I've just been opening System Monitor.

> Ok. One way or another I'm interested in fixing it as both should be
> improvements not methods of avoiding 100% CPU boost. Contexts are complicated,
> true, but this was necessary choice as GObject does not have a true GC.

I actually am not really sure what the contexts are. The only documentation I could find is http://valadoc.org/#!api=gee-0.10/Gee.HazardPointer.Context
Comment 12 Maciej (Matthew) Piechotka 2014-10-21 03:34:29 UTC
(In reply to comment #11)
> Your example does not cause the problem for me either, though I should note
> that I get the following warning about a bajillion times when I run it:
> 
> ** (process:28136): CRITICAL **: gee_hazard_pointer_try_free: assertion
> 'to_free != NULL' failed
> 

Could you post a stacktrace (to a different bug to track it separatly?) - I could not reproduce the issue (yay multithreading).

> Here is a small reproducer, based on yours, but using GApplication. Switching
> from ConcurrentList to ArrayList reduces my CPU usage from 100% of one CPU to
> 6% of one CPU:
> 
> // valac test.vala --pkg gio-2.0 --pkg gee-0.8
> public class Test : Application {
> 
>     public Test() {
>         Object (application_id: "org.gnome.bug737507");
>     }
> 
>     protected override void activate() {
>         var list = new Gee.ConcurrentList<int>();
>         list.add(42);
>         Idle.add(() => {
>             list.remove_at (0);
>             return false;   // Source.CONTINUE
>         });
> 
>         this.hold();
>     }
> }
> 
>  int main() {
>      return new Test().run();
>  }
> 

I couldn't still reproduce the issue.

> > Would it be possible to get a minimal repro example? Also what's profiling is
> > indicating is causing the 100% CPU time?
> 
> I've just been opening System Monitor.
> 

Sorry - I meant could you run application under gprof or something similar which should indicate a method causing it.
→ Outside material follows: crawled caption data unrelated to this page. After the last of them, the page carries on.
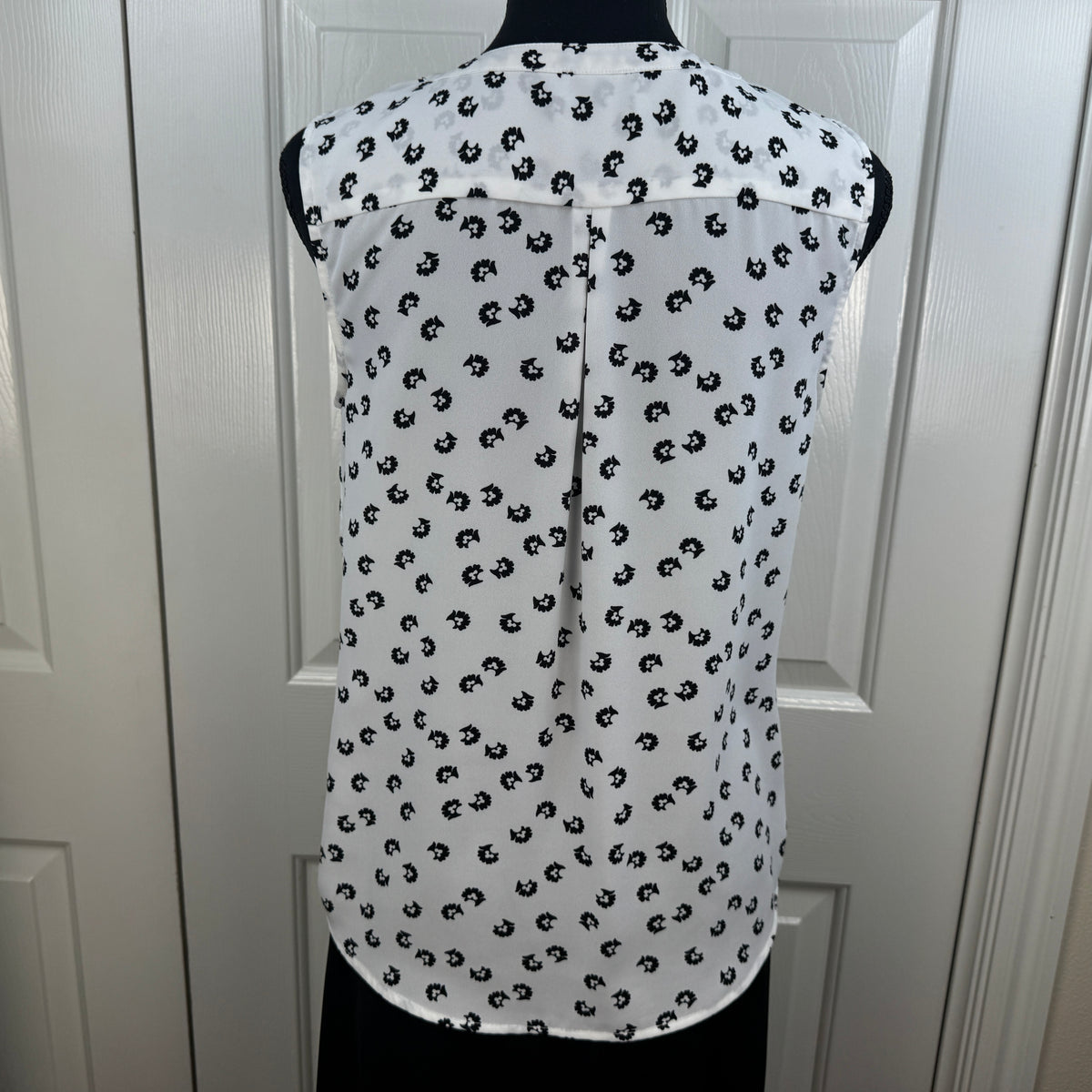 Talbots Petites Women's Floral Sleeveless Pleated Blouse Ivory Black Size SP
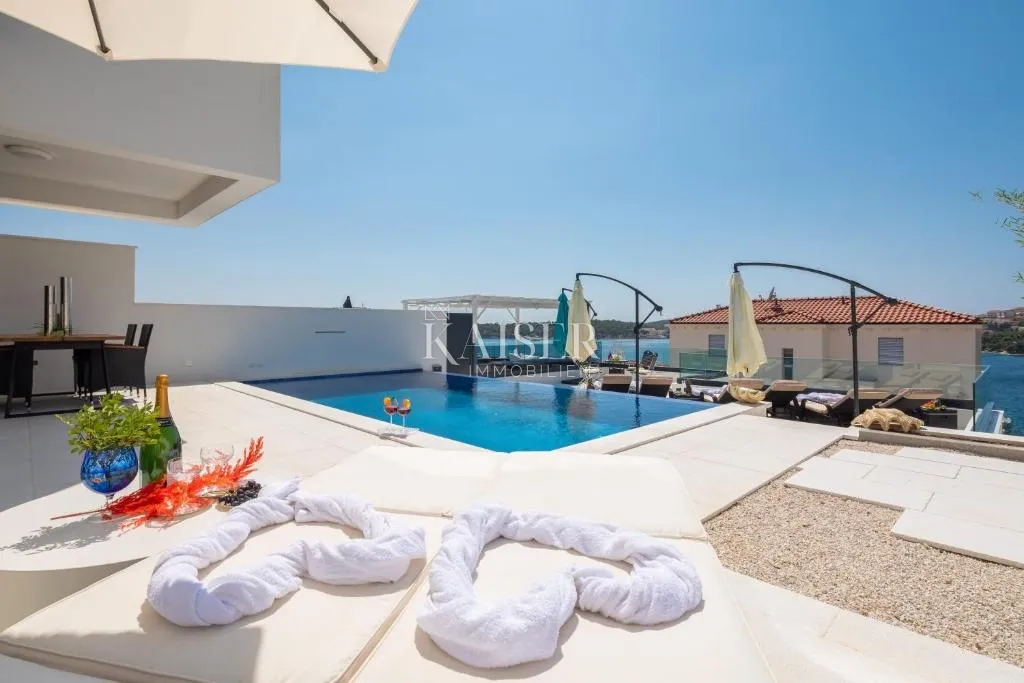 šibenik-rogoznica – moderna luksuzna vila s panoramskim pogledom na more i infinity bazenom - slika 41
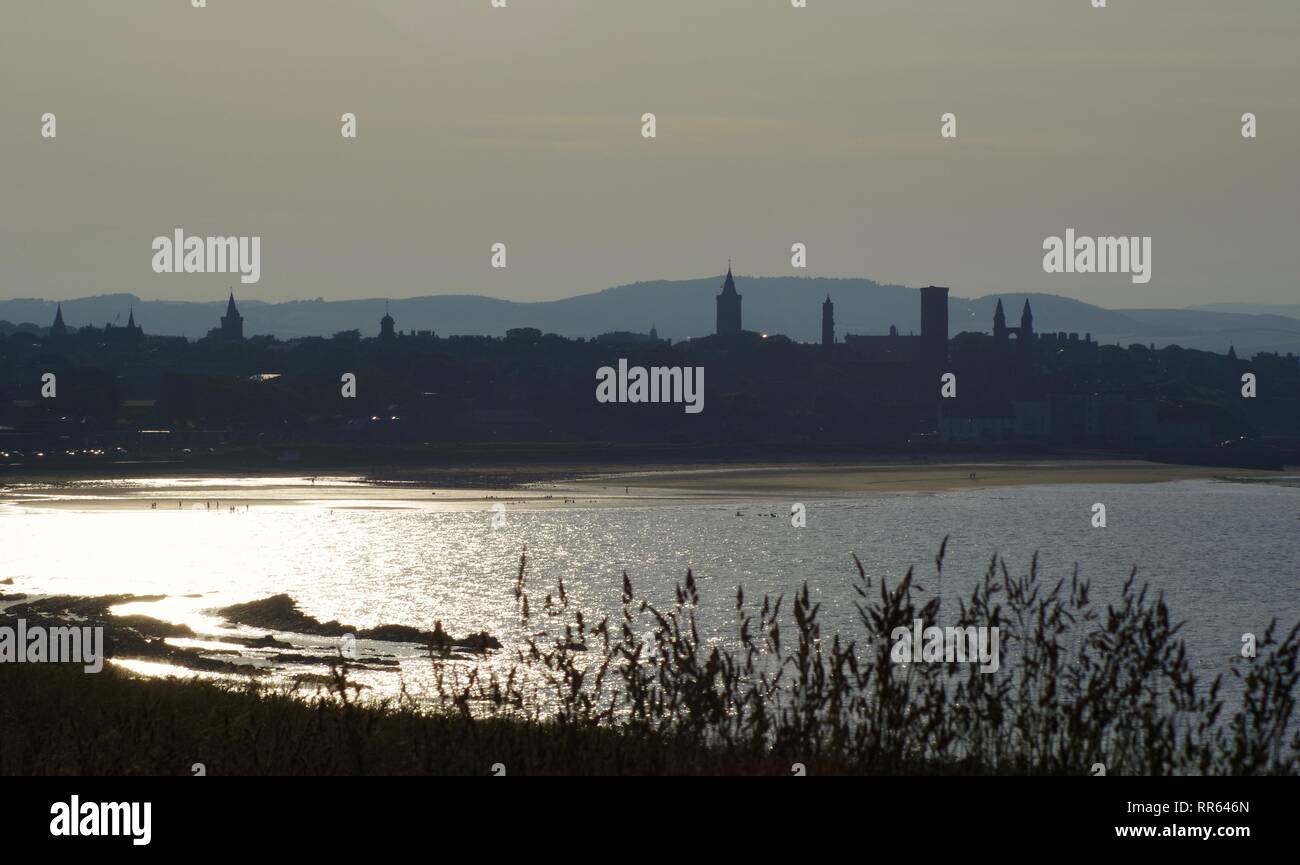 St Andrew's Skyline Silhouette partiellement sur une soirée d'été. Vue depuis les falaises, à la recherche sur la mer du Nord. Fife, Scotland, UK. Banque D'Images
> > Ok. One way or another I'm interested in fixing it as both should be
> > improvements not methods of avoiding 100% CPU boost. Contexts are complicated,
> > true, but this was necessary choice as GObject does not have a true GC.
> 
> I actually am not really sure what the contexts are. The only documentation I
> could find is http://valadoc.org/#!api=gee-0.10/Gee.HazardPointer.Context

Possibly more in-depth explanation in non-reference format: http://blog.piechotka.com.pl/2014/03/01/lock-free-collection-in-libgee-hazard-pointer/
Comment 13 Michael Catanzaro 2014-10-22 01:03:10 UTC
(In reply to comment #12) 
> Could you post a stacktrace (to a different bug to track it separatly?) - I
> could not reproduce the issue (yay multithreading).

I can't reproduce it today... weird.

> Sorry - I meant could you run application under gprof or something similar
> which should indicate a method causing it.

I think I'm doing something wrong. Here are the commands I ran:

valac -C test.vala --pkg gio-2.0 --pkg gee-0.8 --pkg posix
cc -pg `pkg-config --cflags --libs gio-2.0 gee-0.8` test.c
./a.out
gprof ./a.out gmon.out

Here's a modified test.vala that terminates after five seconds, so that gmon.out is produced:

public class Test : Application {

    public Test() {
        Object (application_id: "org.gnome.bug737507");
    }

    protected override void activate() {
        var list = new Gee.ConcurrentList<int>();
        list.add(42);
        Idle.add(() => {
            list.remove_at (0);
            return false;   // Source.CONTINUE
        });

	Timeout.add_seconds(5, () => {
            Posix.exit(0);
            assert_not_reached ();
        });

        this.hold();
    }
}

 int main() {
     return new Test().run();
 }

My results are attached, but they are surely not right, since it says no time elapsed....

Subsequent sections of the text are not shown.